Atributo | Detalhe |
---|---|
Diretora | Camille Griffin |
Roteirista | Camille Griffin |
Produtores | Matthew Vaughn, Trudie Styler, Celine Rattray |
Elenco Principal | Keira Knightley, Matthew Goode, Roman Griffin Davis, Annabelle Wallis, Lily-Rose Depp |
Gênero | Comédia, Ficção científica, Terror |
Ano de Lançamento | 2021 |
Produtoras | Marv, Maven Screen Media, Endeavor Content, Cloudy |
O elenco, meu Deus, o elenco! Keira Knightley, como Nell, é a personificação da anfitriã perfeita que se desfaz em mil pedaços sob a pressão de manter a ilusão de normalidade. Seus olhos, que sempre foram expressivos, carregam um peso de desespero e resignação que é palpável. Matthew Goode, como Simon, tenta ser o pilar de força, mas sua fachada se desintegra em momentos de vulnerabilidade chocante. E Roman Griffin Davis, interpretando Art, o filho de Nell e Simon, é a bússola moral do filme. É através de seus questionamentos infantis e irredutíveis que a hipocrisia e o desespero dos adultos são expostos sem filtros. “Por que temos que fazer isso?”, ele pergunta, e sua voz inocente ecoa as perguntas que nós, na plateia, estamos aterrorizados demais para verbalizar.
A forma como Griffin entrelaça o humor com a tragédia é uma navalha afiada. Há momentos que nos fazem rir, mas é aquele riso nervoso, quase histérico, que vem do abismo. É como rir no funeral de um inimigo que você secretamente admirava. Você se sente culpado, mas não consegue evitar. A cena em que os amigos tentam manter a etiqueta social, mesmo quando a ideia de amanhã se desintegra, é um testemunho da nossa estranha necessidade de ritual, mesmo diante do apocalipse. Não é uma comédia de piadas, mas uma comédia de situações absurdas que só a morte iminente poderia proporcionar.
E o terror? Ah, o terror não está nos monstros, mas nas escolhas. Está no silêncio entre as falas, nos olhares perdidos, na bebida que é consumida com uma voracidade que esconde o medo. O verdadeiro horror é a contemplação do suicídio como um ato de amor, uma forma de poupar a si e aos seus entes queridos de um fim ainda pior. É uma proposta desconfortável, que nos força a confrontar nossos próprios valores e o que faríamos se estivéssemos naquela situação. O filme não nos dá respostas fáceis; ele nos dá perguntas que pesam uma tonelada.

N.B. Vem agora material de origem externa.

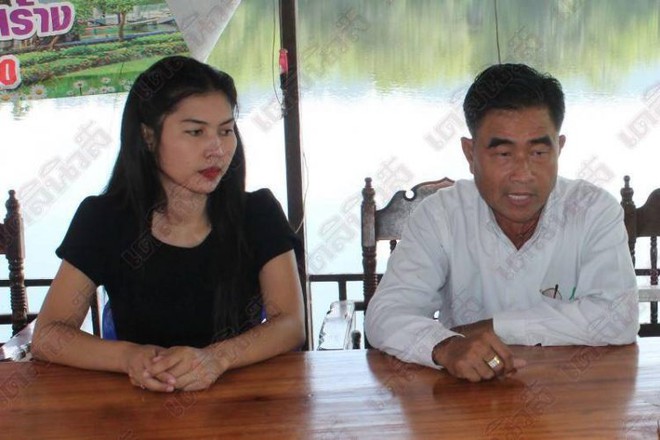 Chính trị gia Thái Lan lộ dàn hậu cung khủng với 120 bà vợ và 28 đứa con khiến dư luận choáng váng - Ảnh 3.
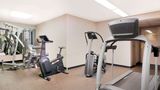Ramada Plymouth Hotel & Conference Cntr Health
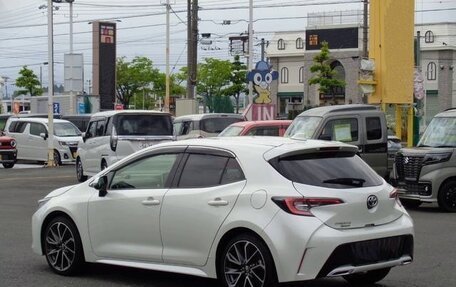Toyota Corolla, 2021 год, 1 112 000 рублей, 4 фотография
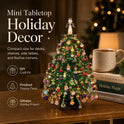 DIY Beaded Christmas Tree Making Kit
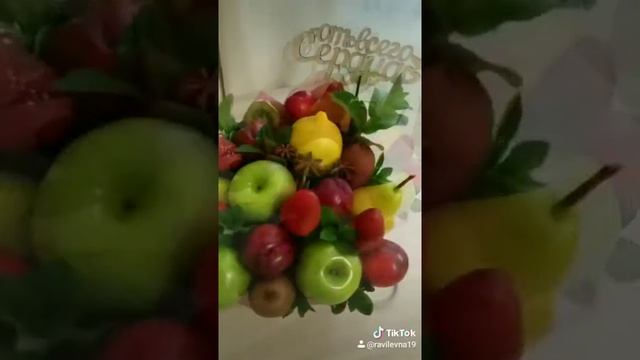 Букет от всего сердца ♥️ смотреть онлайн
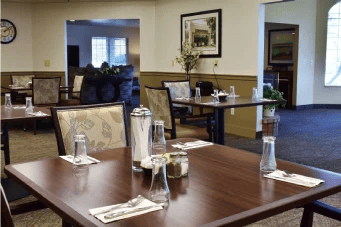 Fox Hollow Residential Care Community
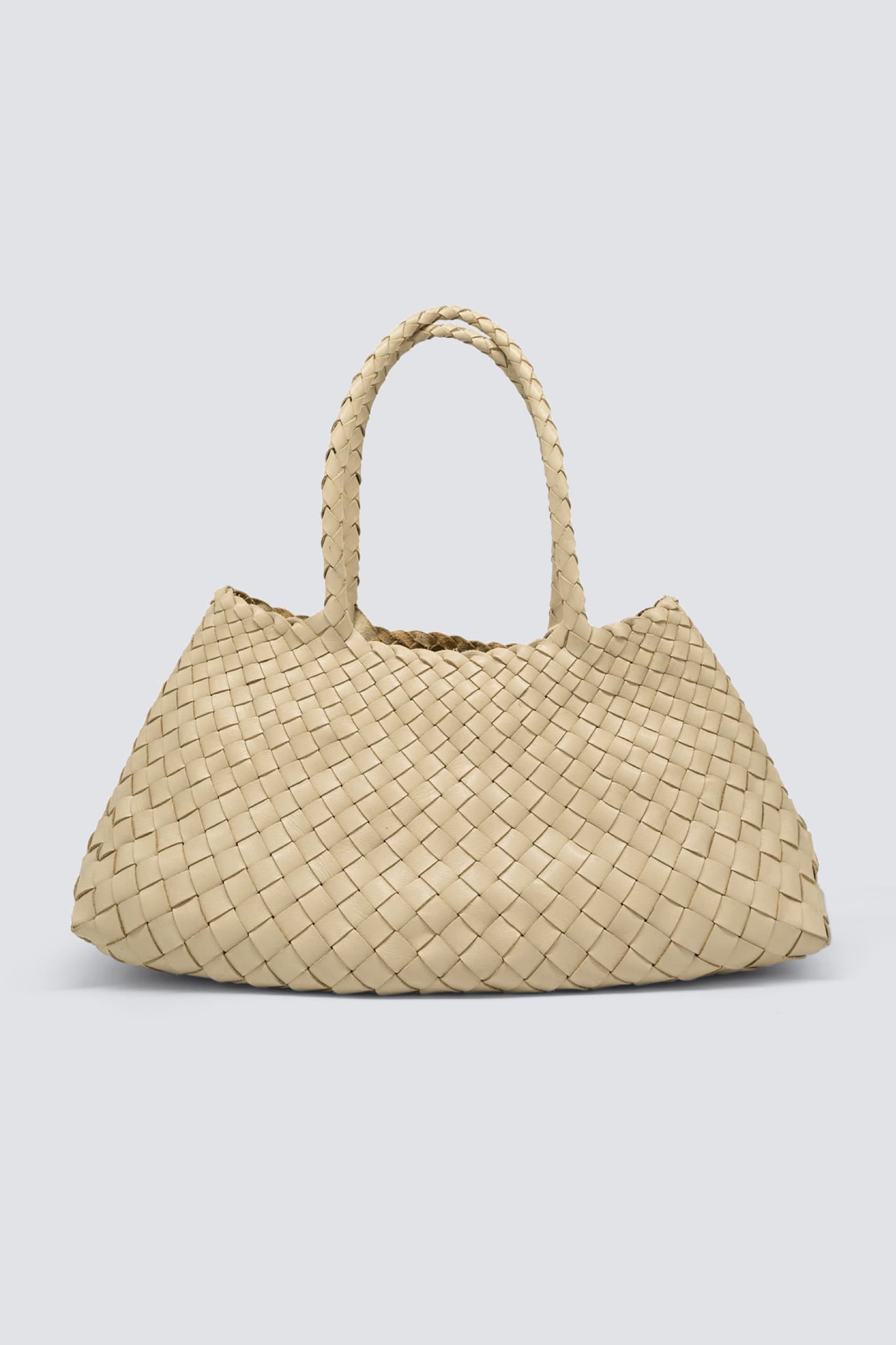 The Artisan's Large Weave Tote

A Última Noite é, no fim das contas, uma profunda meditação sobre o que significa ser humano quando todas as máscaras caem. É sobre a família, os laços que nos unem e que, por vezes, nos sufocam. É sobre o medo, a esperança (ou a ausência dela), e a estranha dança que fazemos com a morte. Não é um filme para te animar no Natal, mas é um filme para te fazer pensar, para te fazer sentir, e, talvez, para te fazer apreciar um pouco mais o simples ato de respirar, mesmo que o mundo lá fora não esteja em seu melhor dia. Em um mar de filmes que buscam distrair, este filme de Camille Griffin tem a coragem de nos confrontar com o que realmente importa. E isso, para mim, é o melhor presente que um filme pode dar.